On January 9, 1945, Lingayen was where the Allied armies landed during the Invasion of Lingayen Gulf after the guerrillas have informed MacArthur that the Japanese had only a small presence in the area, giving the impression of being a safe place for the American incoming landing. Its long beach served as runway for several attack planes.

Geography
It is located along Lingayen Gulf, the Agno River and the Limahong Channel. It has a land area of 62.76 square kilometers consisting of 32 barangays and also has 7 sitios. Its terrain is flat, suitable for farms and fisheries.

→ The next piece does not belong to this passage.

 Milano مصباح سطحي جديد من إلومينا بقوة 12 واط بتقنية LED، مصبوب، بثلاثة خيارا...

Lingayen weather is cool from December to February, warm from March to April, and the wet season is between May and October.

Lingayen is  from Manila via Romulo Highway.

Barangays
Lingayen is politically subdivided into 32 barangays. These barangays are headed by elected officials: Barangay Captain, Barangay Council, whose members are called Barangay Councilors. All are elected every three years.

 Aliwekwek
 Baay
 Balangobong
 Balococ
 Bantayan
 Basing
 Capandanan
 Domalandan Center
 Domalandan East
 Domalandan West
 Dorongan
 Dulag
 Estanza
 Lasip
 Libsong East
 Libsong West
 Malawa
 Malimpuec
 Maniboc
 Matalava
 Naguelguel
 Namolan
 Pangapisan North
 Pangapisan Sur
 Poblacion
 Quibaol
 Rosario
 Sabangan
 Talogtog
 Tonton
 Tumbar
 Wawa

Climate

Demographics

Economy 

Agriculture, livestock and fishing are the major industries of the town.

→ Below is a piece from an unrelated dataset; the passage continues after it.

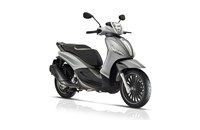 Piaggio Beverly 300 i.e.S 2020 - Bild 4 Piaggio Beverly 300 i.e.S 2020 - Bild 4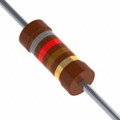CBT50J820R - RES 820 OHM 1/2W 5% AXIAL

Major crops include rice, corn, tomato, mongo, watermelon, and vegetables.

Livestock rising are predominant in the southern barangays where vast, long stretch of pasture lands can be found.

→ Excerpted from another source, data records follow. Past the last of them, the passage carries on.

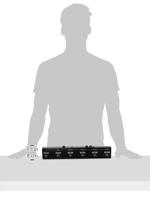 Boss GA-FC voetcontroller - thumbnail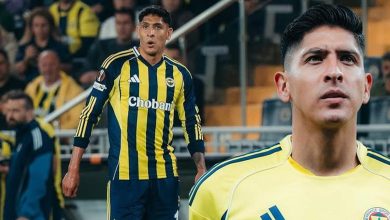 Fenerbahçe'de Edson Alvarez'e sürpriz teklif!- Trabzonspor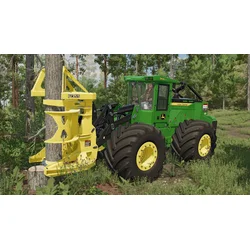 Farming Simulator 22 Platinum Edition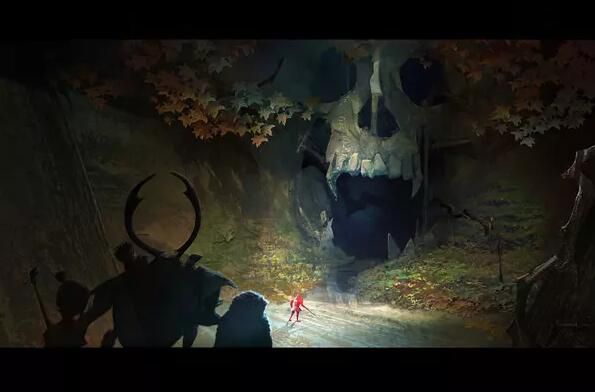 2016高分奇幻動畫 魔弦傳說/酷寶:魔弦傳說/捉妖敢死隊/久保與二弦琴 國英語中字 盒裝1碟 2016高分奇幻動畫 魔弦傳說/酷寶:魔弦傳說/捉妖敢死隊/久保與二弦琴 國英語中字 盒裝1碟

The major fishing ground is Lingayen Gulf within the municipal territorial waters of fifteen (15) kilometers from the shoreline classified as the municipal fishing ground. Fisheries can be found in every barangay.

Other major industries include making of world-class bagoong (also known as "maniboc": referring to its place of origin, Barangay Maniboc) and bocayo (sweetened coconut), vinegar, furnitures, crafts made of bamboo, and shingles made of nipa. Its bagoong shrimp paste is so well known, that in 2016 the Canadian Federal Court of Appeal was called to rule on whether the name "Lingayen" could be registered as a trademark to sell the paste (which it denied).

Agriculture
The town has a land area of 3,180 hectares or 47.5% of the total land area of the municipality used for agriculture by a land survey conducted by Municipal Planning Team. Rice, being the major crop produced, have 1,500 hectares/ 22.42% of the total land area of the municipality.  Corn come next with 341.50 hectares/ 5.11%, with peanut comes third with 136.6 hectares/2.04% while the rest of about 253.225 hectares or 3.78% is planted to different crops such as mongo, camote, eggplant, and other crops.

Livestock
Information gathered from the Office of the Municipal Agricultural Officer, shows that in year 2000 there were 5,282 head of swine, 2,762 head of cattle, 756 head of carabao, 1,520 head of sheep and goat combined, 44,000 head of poultry (commercial broilers), and 43,875 heads of poultry (native chickens).

Fishery
There are two types of fishery operation in the town depending on the type of water which supplies the fishery: brackish water and freshwater.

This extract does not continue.